One kind of specially-designed trunk was not commissioned but rather gifted to loyal clients, a tradition upheld from 1910 to the early 1980s. Instead of sending an ordinary bouquet of flowers, Georges and Gaston-Louis Vuitton would send theirs in a monogram canvas-covered planter trunk, its interior protected from water and humidity by a zinc tub. After the blooms perished, the lucky recipients could use the trunk to store jewellery, or as a cigarette case.

‘No dream is too large or object too complex’, says Louis Vuitton of its bespoke trunks. If you can think of an object, it’s likely the house’s dedicated Special-Order workshop has concocted a trunk dedicated to its storage and/or transportation. Trunks have been made for watercolour paints, billiard cues, record collections, birthday cakes, tea sets, Christmas decorations and even exactly 1,000 cigars. One avid collector even commissioned a custom piece with the sole function of storing his children’s baby teeth.

How about a trunk containing an entire party?
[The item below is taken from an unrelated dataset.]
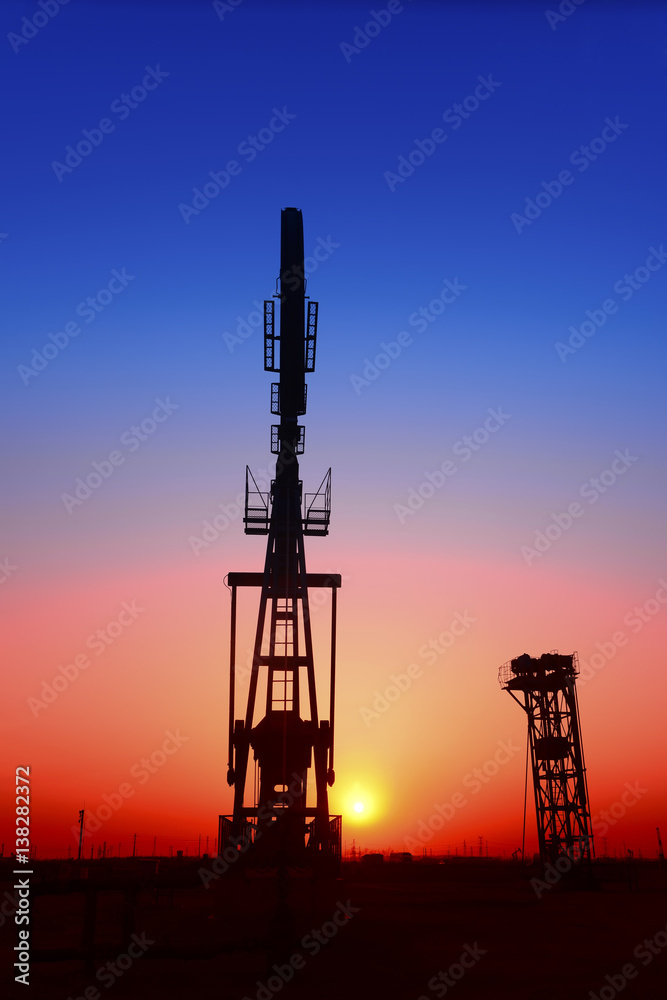 Pumping unit is working Pumping unit is working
Your wish is Vuitton’s command. Last year, they introduced the Party Trunk, a fully-stocked home bar and entertainment centre, complete with a plated silver ice bucket and Monogram disco ball. Inside, there’s space for 30 bottles and a smoke machine. Not your average house party.

In case you were wondering whether Louis Vuitton’s signature trunks are still fit for travel, the brand’s current exhibition – a travelling tribute to the house’s founder for his bicentenary birthday – is proof. ‘200 Trunks, 200 Visionaries’ was first unveiled last year in Asnières-sur-Seine, France, and has since voyaged to Singapore’s Marina Bay, Los Angeles and New York, where it currently resides. There, you can see, experience and even listen to physical and digital trunks, from Marc Jacobs’ Stephen Sprouse graffiti trunk – a nod to the former Creative Director’s bestselling bags – to a strap-bound trunk by architect Peter Marino, created as a new challenge to Houdini. There is even a 200-track jukebox trunk by British DJ and producer Benji B. That’s the thing with Vuitton trunks – you never know what treasures you’ll find inside.